= Viola Concerto (Kernis) =

2014 Viola Concerto by Aaron Jay Kernis

Aaron Jay Kernis's Viola Concerto was composed between 2013 and 2014 for the violist Paul Neubauer on a commission from the Saint Paul Chamber Orchestra, the Idyllwild Arts Academy, the Chautauqua Institution, and the Los Angeles Chamber Orchestra. Its world premiere was given by Neubauer and the Saint Paul Chamber Orchestra conducted by Roberto Abbado in Saint Paul, Minnesota, on April 24, 2014. The score is dedicated to Neubauer "with deepest admiration."

==Composition==

===Background===
The concerto was written especially for Paul Neubauer, with whom had Kernis previously collaborated on his 1993 piano quartet Still Movement with Hymn. In the score program note, Kernis wrote, "In some ways this new concerto follows up on the tone of that piece. I have always been drawn to the soulful character of the viola, and have been excited to write this work from the moment Paul requested it."

===Structure===
The piece lasts about 27 minutes and is cast in three movements:

The first movement is named for a series of weaving harmonies and melodies. The second movement is named after a series of piano pieces written by Clara Schumann titled "Romanze." The final movement contains musical quotes from Clara's husband Robert Schumann's 4 Klavierstücke, Op. 32, No. 4 and the popular Yiddish folk song "Tumbalalaika," which the composer's mother sang to him as a child.

===Instrumentation===
The work is scored for solo viola and an orchestra comprising two flutes (1st doubling two anvils; 2nd doubling piccolo), two oboes, two clarinets (1st doubling E♭ clarinet; 2nd doubling bass clarinet), two bassoons (2nd doubling keyboard melodica), two horns, two trumpets (both doubling keyboard melodicas), two percussionists, and strings.

==Reception==
Reviewing the world premiere, Michael Anthony of the Star Tribune described the viola concerto as "a large three-movement work with vividly contrasting colors and carefully worked-out structures that offers the viola—as well as the orchestra—ample technical challenges along with numerous opportunities to show off the instrument's unique, dark sound. Passages of intense lyricism, especially in the movement marked 'Romance,' approach a kind of ecstasy that is one of the hallmarks of Kernis's music." He added, "Kernis has given the musical world something it needs: a viola concerto — and a good one." Mark Swed of the Los Angeles Times similarly called the piece "a traditional three-movement work for a solo instrument, but instead of a series of dramatic instances, it expresses a deep-seated goal.

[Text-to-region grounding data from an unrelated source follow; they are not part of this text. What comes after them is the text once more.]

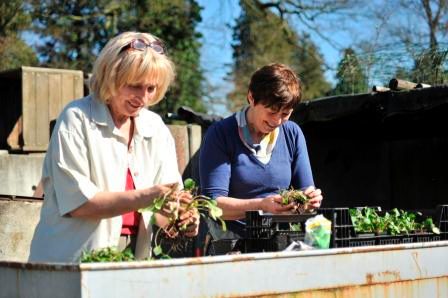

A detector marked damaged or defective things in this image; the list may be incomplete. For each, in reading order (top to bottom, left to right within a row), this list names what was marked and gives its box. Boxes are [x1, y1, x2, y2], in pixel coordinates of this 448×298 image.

rusty metal surface [0, 241, 448, 296] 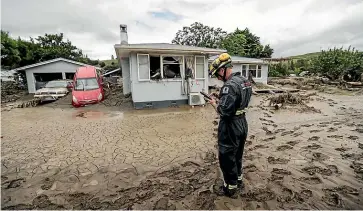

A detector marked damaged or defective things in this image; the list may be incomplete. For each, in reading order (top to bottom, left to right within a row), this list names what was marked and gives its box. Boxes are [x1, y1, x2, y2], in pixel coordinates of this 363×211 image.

damaged white house [115, 25, 226, 109] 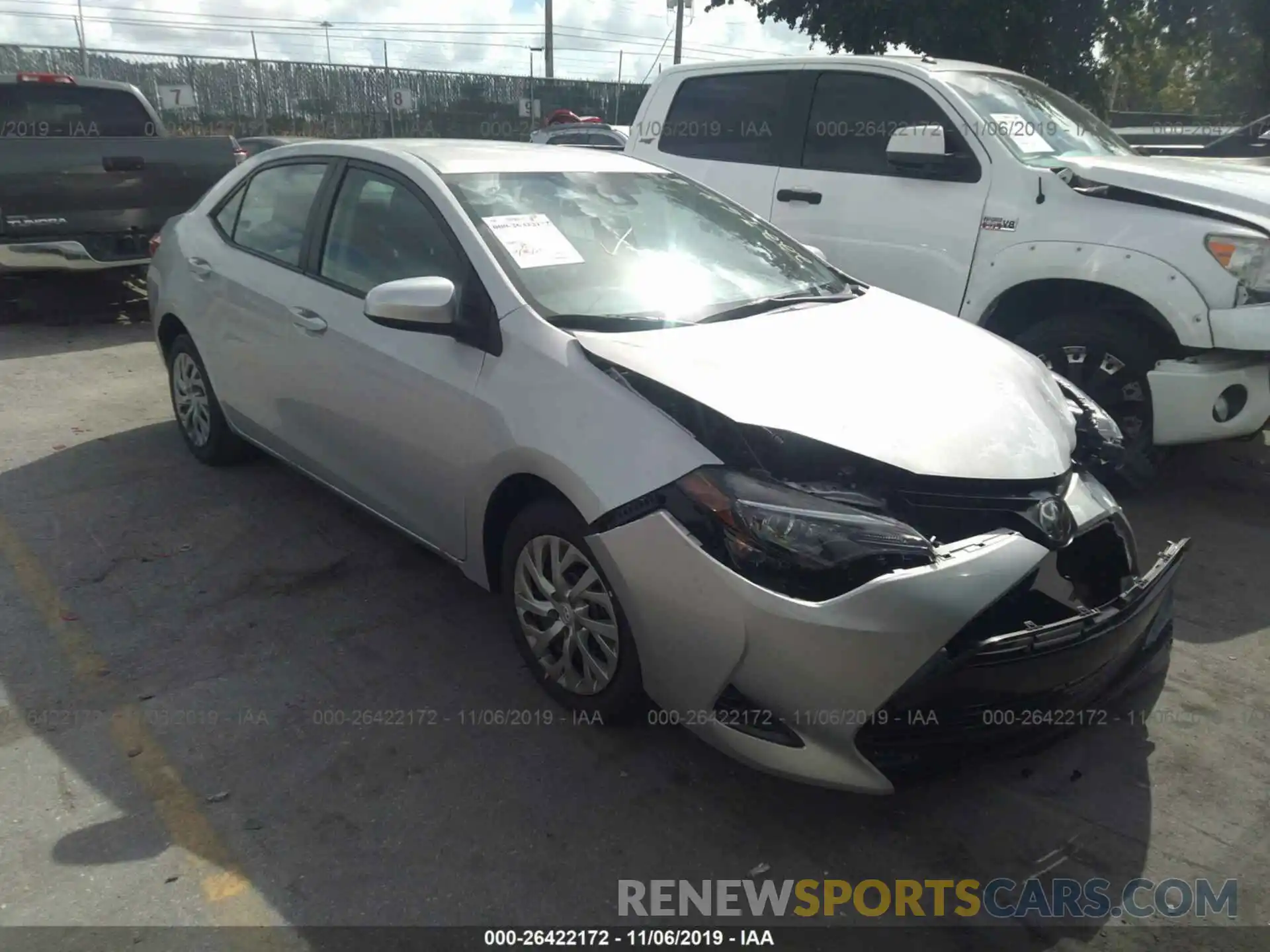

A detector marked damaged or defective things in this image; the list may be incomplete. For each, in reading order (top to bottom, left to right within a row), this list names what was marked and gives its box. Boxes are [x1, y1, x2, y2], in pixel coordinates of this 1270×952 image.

crumpled hood [1066, 155, 1270, 233]
crumpled hood [579, 289, 1081, 485]
damaged front bumper [589, 472, 1183, 797] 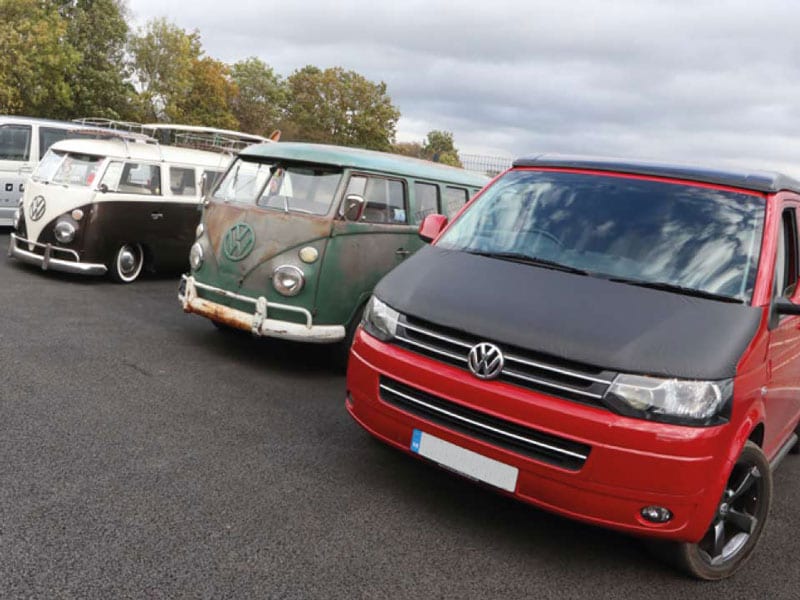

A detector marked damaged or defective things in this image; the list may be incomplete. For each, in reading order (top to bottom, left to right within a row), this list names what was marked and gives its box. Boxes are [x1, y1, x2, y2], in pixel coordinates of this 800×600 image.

That goal is to explore the substance behind the Yiddish folk song 'Tumbalalaika.' It begins as a young man's simple quest for romance, which is ultimately a search for the meaning of life and death. Happiness, he must accept, is ever fleeting." He continued, "Music, here, serves as an illuminating metaphor for happiness. A song we might try to hold onto throughout our lives (as Kernis has with 'Tumbalalaika,' which was sung to him by his mother) can never be separated from its history or from the lives we lead."

==Recording==
A recording of the concerto performed by Neubauer and the Royal Northern Sinfonia conducted by Rebecca Miller was released through Signum Records on January 26, 2018.